Unruly Woman: Course Teaches Students the Power of the Girl

December 3, 2018

By Kerrin Norton '19

Following TIME’s declaration of 2017 as the Year of the Woman, Saint Anselm College’s fall 2018 course catalog reflects today’s wave of female empowerment. With offerings in Queer Media, Media Criticism, and Unruly Women, the English department is keeping up with current culture and with the subsequent requests of students for more relevant, more representative, more current, and simply, more communication courses. Professor Carmen McClish’s CM325 Unruly Women course fulfills all of those requests.

“I decided to create a course on Unruly Women because the topic is very timely given recent Women’s Marches, the #MeToo movement, and the unprecedented number of women running for political office,” says Professor McClish. “Specifically, this course was inspired by a class I taught in the spring of 2018 – Theories of Peace and Justice. In this course, I had 10 outstanding young women who often spoke up about their desire for a course where the writing was by women and centered on women’s experiences.”

Focusing on women who transgress cultural notions of acceptable behavior—who behave in “unruly” ways and challenge boundaries of what is considered appropriate femininity—the course challenges students to reexamine how specific women, such as Audre Lorde, Ntosake Shange, and Melissa McCarthy, have helped shift the definition of femininity and what it means to be female.

The course first introduced students to the material by defining and distinguishing equality and difference, and feminism and womanism. Soon after, students began to look at how class status, sexuality, and gender impact different women's experiences. McClish helps guide her class to take a look at “unruly” artists, writers, and comedians and how they push back against gender expectations of society, while she also pushes students to examine their own ideas and expectations.

“[Outside of the classroom] We [as a society] never talk about women who've changed society or contributed to radical new ideas, so it is quite honestly mind-blowing,” says English major Jenna Lyons ’19. “You learn to look at the world completely differently. Subconsciously, you realize how women are marginalized or silenced because of gender/race/class/etc., but it's one thing to feel this oppression in your daily life and another to actually analyze and take it apart. Knowing that there is actual literature and theory on feminism and social norms and expectations makes you feel much more valid and heard.”
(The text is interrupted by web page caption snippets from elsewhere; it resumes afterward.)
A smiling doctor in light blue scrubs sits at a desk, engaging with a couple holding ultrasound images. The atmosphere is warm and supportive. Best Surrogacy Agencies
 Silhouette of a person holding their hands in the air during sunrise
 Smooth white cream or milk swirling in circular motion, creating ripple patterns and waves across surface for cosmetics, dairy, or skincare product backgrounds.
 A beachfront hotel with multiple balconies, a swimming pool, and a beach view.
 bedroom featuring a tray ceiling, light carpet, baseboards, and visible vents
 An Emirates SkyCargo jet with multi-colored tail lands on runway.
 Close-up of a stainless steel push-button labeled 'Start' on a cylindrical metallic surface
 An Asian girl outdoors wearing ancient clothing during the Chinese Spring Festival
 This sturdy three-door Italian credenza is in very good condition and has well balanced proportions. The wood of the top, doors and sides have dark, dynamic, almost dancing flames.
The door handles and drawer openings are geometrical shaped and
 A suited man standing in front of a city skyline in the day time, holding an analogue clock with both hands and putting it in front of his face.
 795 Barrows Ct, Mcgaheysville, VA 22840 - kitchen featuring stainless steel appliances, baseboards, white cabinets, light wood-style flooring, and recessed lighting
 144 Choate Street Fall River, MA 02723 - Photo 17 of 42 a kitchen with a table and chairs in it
At the end of the semester, students will present a final project on an “unruly” woman of their choice. This project wraps up the course, allowing students to study in-depth a specific woman or group of women that have transgressed confining notions of womanhood.

With a new breadth of knowledge and a sense of empowerment for themselves and for others, Professor McClish’s students will finish up the semester with a new definition of the term “girl power.”